July 21, 2010 | by Jill Kurtz | Posted in Social Media

While preparing for Balance’s Trends in Online Technology seminar in May, I wanted an illustration of the idea of social media that makes use of geo-location. A more location-sensitive web has long been held to be a hallmark of “Web 3.0,” and I see greater sensitivity to location as a trend in social media as well.

Thus began my journey with foursquare.

What is Foursquare?

Foursquare is a web and mobile application that allows its users to share where they are – down to the specific building, park, business, etc. – with their friends. Users earn points and badges for locations that they frequent, and can even become the foursquare mayor if they have "checked in" to that spot the most. (Moment to brag – tongue in cheek – I am the mayor of Balance, my church, and even a lighthouse.)

Do You Care?

What does foursquare mean to you?

If you are a business that wants to attract more customers to your location, this social media tool is for you. You can claim your business with foursquare, which allows you categorize yourself and add tags. This makes you visible to any foursquare users who may just use the site to find a nearby restaurant or dry cleaner. (Caveat here – I have been trying since May to get this level of access to the Balance entry on foursquare with no luck so far. Their FAQ says there is a backlog of processing requests, but gives no sense of how much time it will take.)

Businesses can also offer coupons and specials. Starbucks does this. Become the mayor of any of their locations and you get a drink on the house.

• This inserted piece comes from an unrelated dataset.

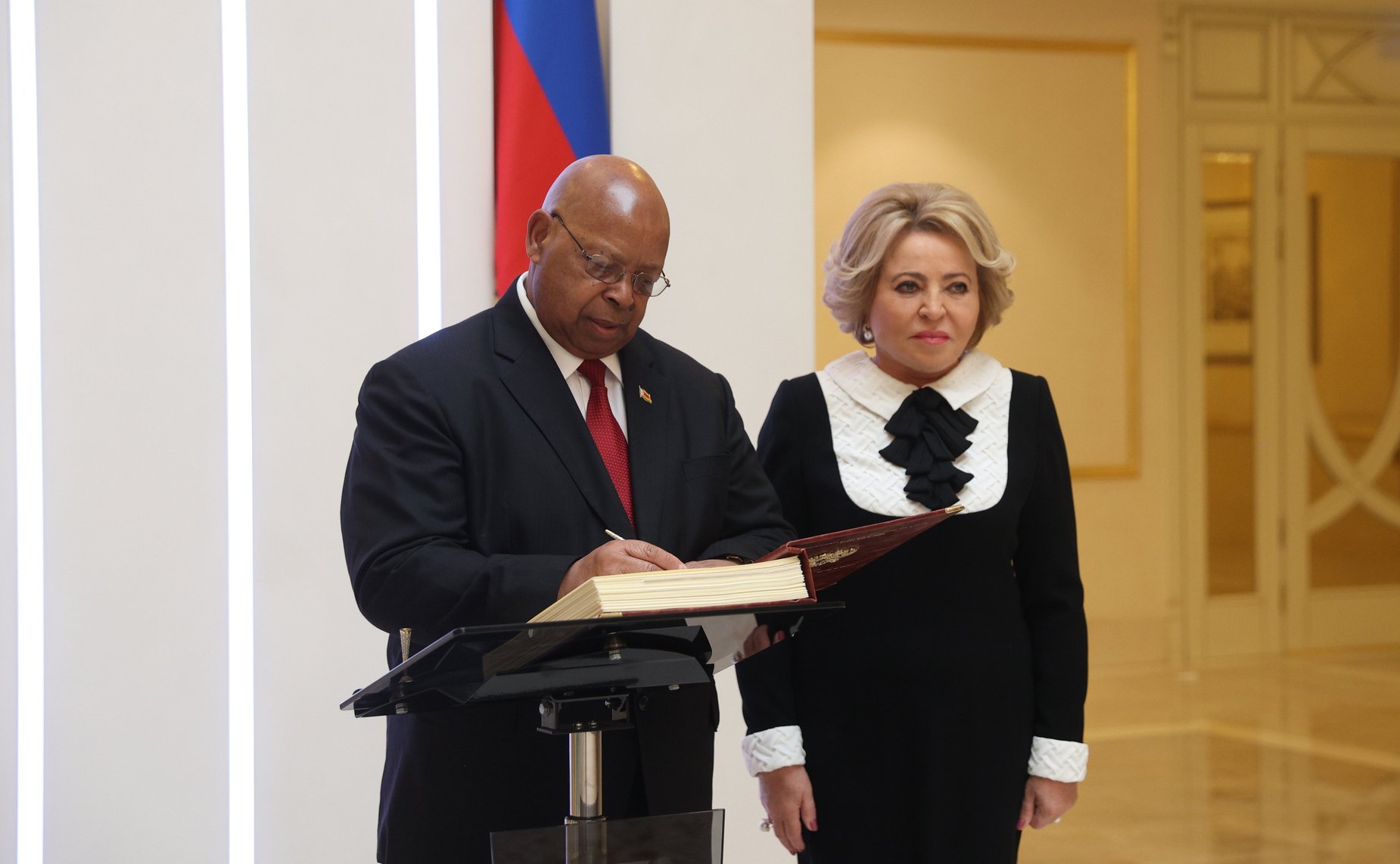 Встреча Председателя Совета Федерации Валентины Матвиенко с Председателем Национального собрания Парламента Республики Зимбабве Джейкобом Мудендой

For non-profits and associations, foursquare offers great, free visibility. And users can see when people in their networks support you by stopping by to drop off donated goods, showing up for a volunteer shift, or otherwise making use of your organization's services.

The Privacy Thing

You can't look at location-based social media without addressing privacy. With foursquare and tools like it, users announce where they are and therefore where they are not. The extent to which this happens depends on the user, his or her privacy settings and the other social sites he or she chooses to integrate with foursquare.

While security concerns are regularly raised, the number of users is steadily growing. We are definitely wary and curious at the same time. The data shows that user behavior is still being defined.

Webroot, a company that specializes in Internet security software, conducted a survey of 1,500 social network users who own mobile devices with geo-location capabilities in June.

  • 39% were already using location-based tools
  • 55% said they were worried about privacy concerns related to services that identify your location
  • 27% of males ages 18-29 share their location with friends every day
  • 10% check in daily at specific locations
  • 45% of geo-location users said they were concerned about alerting burglars to potential windows of opportunity when they're away from home  
  • 29% said they have shared their location with people other than their friends
  • 11% have used a geo-location service to meet a stranger, digitally or in person
  • Women are more likely to express concern about the potential threat posed by geo-location services, with 49% saying they're very worried about a stalker using their information, compared to 32% of men.  

Bottom Line

While the creators of foursquare and social media like it wrestle with the meaning of the data and security concerns for the future of their networks, businesses found here and other social media need to look at the value for their marketing and relationship building efforts. Certainly, this is a great opportunity to create awareness among users who are geographically close to you.